# 20 Gallon long - New June 19



## blurry (May 10, 2010)

My 20 gallon long set up, been working on it for only a week so far.








Rainbow gertrudae - 10








Just picked up 3 Oto today to get rid of my brown algae








Mosquito Rasbora - 15








Rainbow furcata - 10








My night light








Creeping Jenny's on far left









Anyone got any suggestion for other fishes/ plants to go in here? Please Comment


----------



## jobber (May 14, 2010)

Nice looking tank. Love that long piece of wood as your center piece. Those blue eyed furcata are beauties. What other types of fish....boy, the choices. I would think about some Bolivian rams, German Blue Rams, Electric Blue Balloon Rams. I think they'll flourish in your nicely planted tank. Perhaps a school of 9 corydoras (habrosus, pandas,...)


----------



## arash53 (Aug 13, 2011)

Looks great , do you have 38 fish in there on first week ?


----------



## blurry (May 10, 2010)

Yeah i was thinking cory or even maybe pygmy, trying to find a nice carpet plant for the tank.
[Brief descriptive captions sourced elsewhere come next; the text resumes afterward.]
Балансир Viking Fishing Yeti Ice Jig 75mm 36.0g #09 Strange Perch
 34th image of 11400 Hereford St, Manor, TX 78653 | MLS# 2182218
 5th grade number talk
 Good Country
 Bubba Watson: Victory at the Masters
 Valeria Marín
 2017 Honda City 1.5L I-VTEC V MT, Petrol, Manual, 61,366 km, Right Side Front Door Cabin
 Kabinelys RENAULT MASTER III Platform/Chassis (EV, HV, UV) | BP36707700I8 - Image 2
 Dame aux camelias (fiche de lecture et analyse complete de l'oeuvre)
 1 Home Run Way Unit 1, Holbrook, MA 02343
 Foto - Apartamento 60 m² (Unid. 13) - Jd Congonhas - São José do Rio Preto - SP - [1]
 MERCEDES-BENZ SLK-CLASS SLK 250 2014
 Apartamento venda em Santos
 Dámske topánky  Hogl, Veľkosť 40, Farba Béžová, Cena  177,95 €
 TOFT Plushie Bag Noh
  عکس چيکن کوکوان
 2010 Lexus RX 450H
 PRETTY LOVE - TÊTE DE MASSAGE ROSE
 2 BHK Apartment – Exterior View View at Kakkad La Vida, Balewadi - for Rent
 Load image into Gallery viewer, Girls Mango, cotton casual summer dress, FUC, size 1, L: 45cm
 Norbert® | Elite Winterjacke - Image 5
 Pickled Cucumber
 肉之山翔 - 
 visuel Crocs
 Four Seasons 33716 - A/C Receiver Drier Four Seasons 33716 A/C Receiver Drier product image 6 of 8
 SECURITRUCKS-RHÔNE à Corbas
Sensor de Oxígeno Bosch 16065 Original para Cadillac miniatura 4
Rams i dont think would do good since they would eat my Rasbora. Yeah i kinda went crazy and just went to Fantasy Aquatics and to Canadian Aquatics. The plant and wood i bought from someone on craiglist.
Thanks for the comments hoping to update this tank when i get more plants or something else.


----------



## Momobobo (Sep 28, 2010)

Such a cute tank hahah, maybe try shrimp or pygmy cories?


----------